# DATA LISTING
##############################

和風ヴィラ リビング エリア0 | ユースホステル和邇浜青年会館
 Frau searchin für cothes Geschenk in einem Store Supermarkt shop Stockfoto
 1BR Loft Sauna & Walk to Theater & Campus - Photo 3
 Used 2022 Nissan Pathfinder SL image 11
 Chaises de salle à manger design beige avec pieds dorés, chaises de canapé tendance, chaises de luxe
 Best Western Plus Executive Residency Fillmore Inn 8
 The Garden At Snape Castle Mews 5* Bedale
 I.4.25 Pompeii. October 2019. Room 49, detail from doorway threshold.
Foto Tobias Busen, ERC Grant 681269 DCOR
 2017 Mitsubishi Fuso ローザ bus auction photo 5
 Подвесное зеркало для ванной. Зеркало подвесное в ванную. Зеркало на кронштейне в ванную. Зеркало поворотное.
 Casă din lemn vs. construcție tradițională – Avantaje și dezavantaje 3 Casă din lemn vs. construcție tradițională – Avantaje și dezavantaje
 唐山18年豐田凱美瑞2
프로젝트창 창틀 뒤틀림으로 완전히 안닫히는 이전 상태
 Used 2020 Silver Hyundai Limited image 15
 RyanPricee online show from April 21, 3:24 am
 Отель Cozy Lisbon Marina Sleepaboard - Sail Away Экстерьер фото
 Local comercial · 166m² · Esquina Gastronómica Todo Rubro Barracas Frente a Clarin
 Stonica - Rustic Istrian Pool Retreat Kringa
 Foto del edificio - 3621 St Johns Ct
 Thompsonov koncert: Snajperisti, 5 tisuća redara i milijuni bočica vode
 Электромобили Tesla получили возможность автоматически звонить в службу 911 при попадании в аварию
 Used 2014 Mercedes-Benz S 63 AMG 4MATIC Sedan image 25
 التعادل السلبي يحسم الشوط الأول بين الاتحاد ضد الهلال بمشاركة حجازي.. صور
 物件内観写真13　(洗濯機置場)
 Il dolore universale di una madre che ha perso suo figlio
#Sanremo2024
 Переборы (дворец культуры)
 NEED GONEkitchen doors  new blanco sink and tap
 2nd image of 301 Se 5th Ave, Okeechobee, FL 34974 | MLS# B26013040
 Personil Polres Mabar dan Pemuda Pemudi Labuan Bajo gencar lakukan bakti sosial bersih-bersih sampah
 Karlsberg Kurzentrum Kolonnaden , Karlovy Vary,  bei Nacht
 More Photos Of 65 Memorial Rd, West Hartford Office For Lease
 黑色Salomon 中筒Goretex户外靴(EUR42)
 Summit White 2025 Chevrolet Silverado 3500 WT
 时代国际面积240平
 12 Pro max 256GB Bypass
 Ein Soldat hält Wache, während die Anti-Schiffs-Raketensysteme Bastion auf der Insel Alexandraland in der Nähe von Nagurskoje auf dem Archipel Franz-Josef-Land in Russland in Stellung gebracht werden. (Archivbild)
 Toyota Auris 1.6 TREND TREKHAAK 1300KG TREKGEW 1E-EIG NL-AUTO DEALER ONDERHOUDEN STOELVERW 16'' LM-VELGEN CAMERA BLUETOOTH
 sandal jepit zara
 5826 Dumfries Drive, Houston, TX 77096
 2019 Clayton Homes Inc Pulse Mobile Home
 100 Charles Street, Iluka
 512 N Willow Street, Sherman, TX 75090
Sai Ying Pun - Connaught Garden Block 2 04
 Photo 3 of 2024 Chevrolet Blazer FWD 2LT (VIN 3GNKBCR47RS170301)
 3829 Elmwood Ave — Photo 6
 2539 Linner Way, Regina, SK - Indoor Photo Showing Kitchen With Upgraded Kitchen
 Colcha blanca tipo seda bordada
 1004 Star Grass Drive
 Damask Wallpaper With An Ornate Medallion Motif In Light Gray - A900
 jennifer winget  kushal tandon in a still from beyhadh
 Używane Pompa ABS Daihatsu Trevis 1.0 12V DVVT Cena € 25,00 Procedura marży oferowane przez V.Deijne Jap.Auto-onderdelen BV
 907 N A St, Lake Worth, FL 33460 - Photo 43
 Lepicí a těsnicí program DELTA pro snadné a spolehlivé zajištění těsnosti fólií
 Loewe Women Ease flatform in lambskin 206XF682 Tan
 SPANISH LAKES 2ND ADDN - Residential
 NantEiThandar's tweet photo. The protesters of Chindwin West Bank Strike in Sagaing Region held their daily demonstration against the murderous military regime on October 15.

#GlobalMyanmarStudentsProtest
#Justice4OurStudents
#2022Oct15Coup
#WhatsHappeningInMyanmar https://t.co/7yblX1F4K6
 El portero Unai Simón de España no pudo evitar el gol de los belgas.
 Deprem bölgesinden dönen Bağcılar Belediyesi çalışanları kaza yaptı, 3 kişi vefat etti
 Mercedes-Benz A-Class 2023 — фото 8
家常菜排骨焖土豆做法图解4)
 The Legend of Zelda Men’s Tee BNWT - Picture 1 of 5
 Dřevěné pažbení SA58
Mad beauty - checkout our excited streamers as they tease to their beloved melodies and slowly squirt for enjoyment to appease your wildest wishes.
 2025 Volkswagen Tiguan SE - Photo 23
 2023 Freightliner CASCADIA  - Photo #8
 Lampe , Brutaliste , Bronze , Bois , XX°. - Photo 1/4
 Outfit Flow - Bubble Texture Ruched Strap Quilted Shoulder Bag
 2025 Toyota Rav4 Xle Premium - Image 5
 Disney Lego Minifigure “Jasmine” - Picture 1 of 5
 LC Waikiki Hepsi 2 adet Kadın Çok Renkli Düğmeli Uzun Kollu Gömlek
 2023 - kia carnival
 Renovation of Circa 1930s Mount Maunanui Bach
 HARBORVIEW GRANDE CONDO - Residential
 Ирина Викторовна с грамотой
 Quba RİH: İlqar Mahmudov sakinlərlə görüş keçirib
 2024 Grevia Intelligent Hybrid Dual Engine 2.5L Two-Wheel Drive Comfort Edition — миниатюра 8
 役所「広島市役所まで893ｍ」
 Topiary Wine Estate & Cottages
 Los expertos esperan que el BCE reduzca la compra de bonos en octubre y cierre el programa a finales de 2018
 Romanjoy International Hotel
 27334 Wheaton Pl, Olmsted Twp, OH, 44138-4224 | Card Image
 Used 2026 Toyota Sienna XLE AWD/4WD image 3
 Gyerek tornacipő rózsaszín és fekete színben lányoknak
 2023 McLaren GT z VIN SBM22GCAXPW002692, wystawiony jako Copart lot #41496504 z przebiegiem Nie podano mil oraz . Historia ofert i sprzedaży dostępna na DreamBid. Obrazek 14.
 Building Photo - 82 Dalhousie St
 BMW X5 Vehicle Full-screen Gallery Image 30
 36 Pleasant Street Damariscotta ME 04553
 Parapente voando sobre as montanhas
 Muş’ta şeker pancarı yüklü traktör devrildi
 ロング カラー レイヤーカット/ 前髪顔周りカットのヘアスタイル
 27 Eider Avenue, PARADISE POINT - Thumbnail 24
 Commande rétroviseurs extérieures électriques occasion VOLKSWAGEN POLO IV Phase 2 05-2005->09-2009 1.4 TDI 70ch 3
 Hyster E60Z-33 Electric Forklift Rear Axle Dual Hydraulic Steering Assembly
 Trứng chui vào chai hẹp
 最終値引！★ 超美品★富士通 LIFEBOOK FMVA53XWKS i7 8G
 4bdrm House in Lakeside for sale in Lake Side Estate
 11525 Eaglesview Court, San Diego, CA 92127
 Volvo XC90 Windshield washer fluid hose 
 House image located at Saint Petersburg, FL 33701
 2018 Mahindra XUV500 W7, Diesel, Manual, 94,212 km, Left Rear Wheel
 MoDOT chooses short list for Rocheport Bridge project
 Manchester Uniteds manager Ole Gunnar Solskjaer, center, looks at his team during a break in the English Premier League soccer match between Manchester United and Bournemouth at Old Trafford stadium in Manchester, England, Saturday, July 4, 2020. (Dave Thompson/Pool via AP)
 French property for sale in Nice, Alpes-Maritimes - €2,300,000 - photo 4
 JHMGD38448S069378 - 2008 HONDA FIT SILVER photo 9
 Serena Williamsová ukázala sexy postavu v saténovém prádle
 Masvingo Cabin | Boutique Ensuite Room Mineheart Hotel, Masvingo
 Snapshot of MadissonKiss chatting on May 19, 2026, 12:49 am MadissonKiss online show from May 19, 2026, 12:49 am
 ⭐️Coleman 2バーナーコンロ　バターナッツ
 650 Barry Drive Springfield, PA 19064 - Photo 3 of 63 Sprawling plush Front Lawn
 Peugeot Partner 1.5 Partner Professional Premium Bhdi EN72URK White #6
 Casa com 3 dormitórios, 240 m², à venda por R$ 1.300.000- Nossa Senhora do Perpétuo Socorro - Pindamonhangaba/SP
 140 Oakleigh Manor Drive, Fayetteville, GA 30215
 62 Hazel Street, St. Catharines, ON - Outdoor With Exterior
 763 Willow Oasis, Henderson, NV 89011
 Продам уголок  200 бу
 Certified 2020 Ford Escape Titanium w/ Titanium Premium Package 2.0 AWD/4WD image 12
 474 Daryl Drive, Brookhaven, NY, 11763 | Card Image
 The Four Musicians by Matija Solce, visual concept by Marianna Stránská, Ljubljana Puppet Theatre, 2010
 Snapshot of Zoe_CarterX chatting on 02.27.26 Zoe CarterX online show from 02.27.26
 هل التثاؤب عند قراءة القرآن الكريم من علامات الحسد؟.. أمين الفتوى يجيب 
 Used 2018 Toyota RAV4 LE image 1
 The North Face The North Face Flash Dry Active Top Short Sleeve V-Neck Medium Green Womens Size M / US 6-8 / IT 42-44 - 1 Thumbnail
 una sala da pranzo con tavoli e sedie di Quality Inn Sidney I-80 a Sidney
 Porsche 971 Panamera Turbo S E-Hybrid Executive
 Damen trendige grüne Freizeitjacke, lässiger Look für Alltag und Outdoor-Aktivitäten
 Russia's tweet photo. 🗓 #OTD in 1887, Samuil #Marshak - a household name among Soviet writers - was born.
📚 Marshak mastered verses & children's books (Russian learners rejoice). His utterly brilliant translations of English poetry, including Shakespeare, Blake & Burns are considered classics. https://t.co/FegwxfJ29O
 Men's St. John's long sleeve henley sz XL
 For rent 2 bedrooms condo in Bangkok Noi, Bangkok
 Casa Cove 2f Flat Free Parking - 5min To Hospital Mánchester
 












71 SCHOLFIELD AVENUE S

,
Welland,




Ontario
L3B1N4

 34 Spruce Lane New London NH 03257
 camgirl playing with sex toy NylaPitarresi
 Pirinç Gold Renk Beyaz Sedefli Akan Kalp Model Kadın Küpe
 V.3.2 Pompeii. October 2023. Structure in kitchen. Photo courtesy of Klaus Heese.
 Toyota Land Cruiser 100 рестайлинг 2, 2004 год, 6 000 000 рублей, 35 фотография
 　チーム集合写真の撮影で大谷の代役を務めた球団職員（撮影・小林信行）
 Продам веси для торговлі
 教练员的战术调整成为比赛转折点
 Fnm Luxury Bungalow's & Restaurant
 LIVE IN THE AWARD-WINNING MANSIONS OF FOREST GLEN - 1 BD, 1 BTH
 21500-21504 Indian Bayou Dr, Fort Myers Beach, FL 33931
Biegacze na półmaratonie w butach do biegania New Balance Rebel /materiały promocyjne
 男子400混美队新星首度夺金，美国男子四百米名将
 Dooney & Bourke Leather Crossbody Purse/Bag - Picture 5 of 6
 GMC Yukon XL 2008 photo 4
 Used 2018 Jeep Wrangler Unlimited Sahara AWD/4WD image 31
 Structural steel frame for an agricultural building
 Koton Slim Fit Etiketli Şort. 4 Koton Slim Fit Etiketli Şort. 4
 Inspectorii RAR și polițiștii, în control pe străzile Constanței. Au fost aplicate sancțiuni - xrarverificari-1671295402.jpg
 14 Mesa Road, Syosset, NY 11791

##############################

The required output is the exact run of lines from the beginning of the listing above to the line that contains "Used 2022 Nissan Pathfinder SL image 11", inclusive of both.

和風ヴィラ リビング エリア0 | ユースホステル和邇浜青年会館
 Frau searchin für cothes Geschenk in einem Store Supermarkt shop Stockfoto
 1BR Loft Sauna & Walk to Theater & Campus - Photo 3
 Used 2022 Nissan Pathfinder SL image 11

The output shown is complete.